You and I have been swept up in the legacy of what happened on that great Convergence Day.
I’ll just remind us of the story by sharing Acts 9:1,3-6.
Meanwhile, Saul was still breathing out murderous threats against the Lord’s disciples…As he neared Damascus on his journey, suddenly a light from heaven flashed around him. He fell to the ground and heard a voice say to him, “Saul, Saul, why do you persecute me?”
“Who are you, Lord?” Saul asked.
“I am Jesus, whom you are persecuting,” he replied. “Now get up and go into the city, and you will be told what you must do.”
In Acts 9 we catch Paul as a spiritual leader mid-mission, mid-purpose, mid-stride, mid-leader-in-motion, mid-making-things-happen, mid-getting-things-done—and he’s blinded and knocked off of his horse into the dust.
This is the story of a leader bewildered, unseated, of a leader seemingly downed from a horse when in actuality he’s being lifted into wholeness and fullness and love.

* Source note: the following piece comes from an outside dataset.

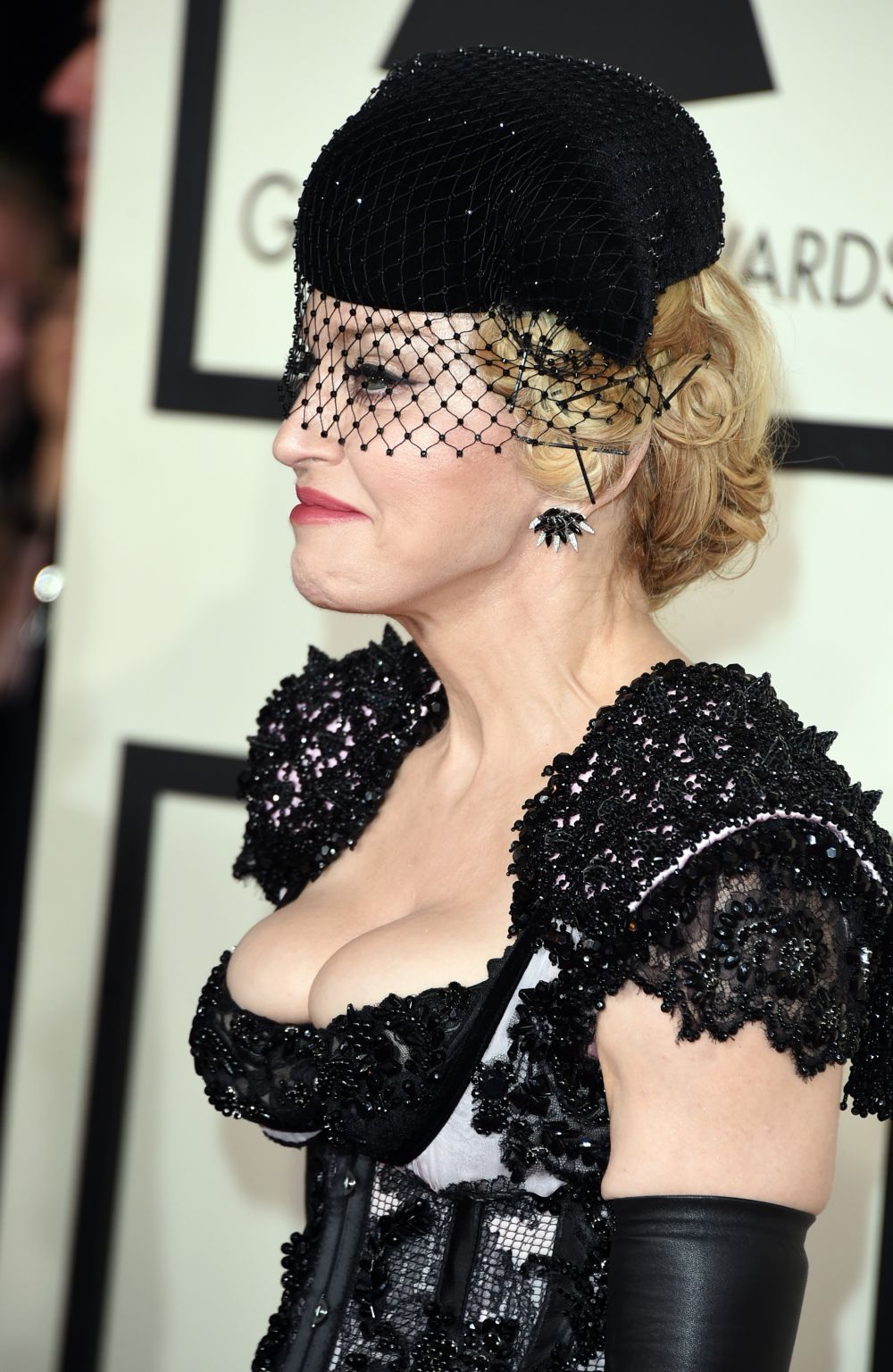 Rihanna si Madonna, cele mai nereusite aparitii de pe covorul rosu la Premiile Grammy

He is experiencing, quite literally, an awakening.
Paul is a leader, like us, who believes he is doing what God has given him to do. And in the middle of it, he is arrested, stopped, halted, shocked, taken off-guard, pulled off the field, blinded.
And the experience will become the most seminal moment in his life and leadership—his greatest loss will become his greatest gain.
There are three simple principles in this story I think we can lay ahold of as followers of Jesus and as leaders, if we’ll have ears to hear.
1. Sometimes We Have To Lose Our Sight To Gain a Vision
Paul trusted in his capacities and his skills, but sometimes we’re blinded by our circumstances, our pain, our unpredictable situations, and we simply cannot see, we can’t trust what we trusted in before.
In those moments, we are given the opportunity to gain a fresh vision of God. We lose our sight, we gain a vision of God we would never have chosen on our own, and we learn to walk by faith in that vision and not by our own senses, capacities, or experience.
We have to lose our sight to gain a vision.
2. Sometimes We Have to Lose Our Time to Gain Eternity
After Paul’s encounter and some initial ministry, according to Galatians 1, he disappears from the scene for 3 years to learn from the Holy Spirit.
Sometimes we’re locked into our own time frames, for all the right reasons, and we quietly demand God follow them. Sometimes we’re in a rush, or more accurately, the rush is in us, and then we’re delayed, slowed, resisted. We fight and rail against it.
In those moments, God puts a different timepiece in our spirits. We begin to measure in long-time, in trust-time, in wait-time, in hope-time, in believe-time, in life-time.
We have to lose our time to gain eternity.